Usually, this type of partnership involves four major players: cooperative (for smallholder farmers); a corporation (preferably an established one); the academe through SCUs; and the market.

The role of a farmers’ association or cooperative under the arrangement is to produce raw materials and achieve economies of scale so they can offer their produce at a lower price to the manufacturing or processing company, which in turn should provide capital and inputs to the cooperatives.

SCUs, on the other hand, should provide technical know-how or even the transfer of proven farm technologies to the cooperatives. Also, the HEIs should undertake capacity building for farmers or even organize them into production blocks to help them achieve economies of scale.

And finally, the market itself is also a partner in the Corporative Model, because without the understanding of the dynamics or nature of the domestic and export markets, it would be impossible for the venture to become profitable for both the small farmers and the processing companies.

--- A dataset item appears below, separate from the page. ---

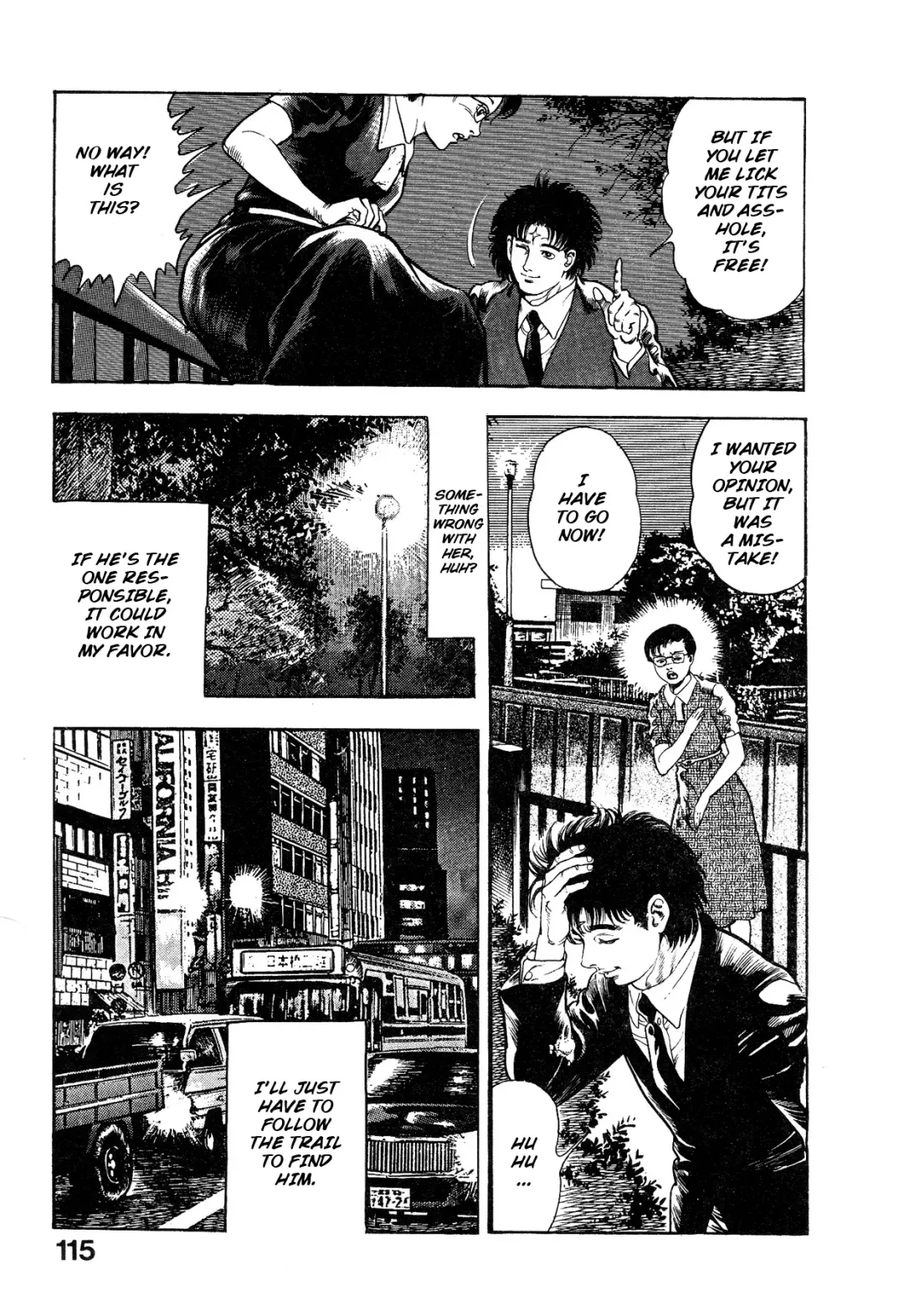 [Maeda Toshio] Habu Goes Forth 1 Fhentai - Page 118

Market-led diversification combined with a partnership between agencies and the local government can also produce wonderful results, as demonstrated in the Yamang Lupa Program, which was piloted in the provinces of Quezon, Samar and Zamboanga Sibugay.

Yamang Lupa was essentially the adoption of Bhoochetana principles in the pilot sites that eventually resulted in increasing the income of farmers by about 20 percent. The main partners in the project were ICRISAT, DA-Bureau of Agricultural Research, DA-Bureau of Soils and Water Management, DA-High Value Crops Development Program, small holder farmers and local government units. Besides the adoption of Bhoochetana principles, smallholder farmers who participated in the Yamang Lupa program shifted to more profitable crops like groundnut, chickpea and pigeonpea.

Yamang Lupa’s success also clearly shows that the market itself should be included as a partner when it comes to forming strategic partnerships.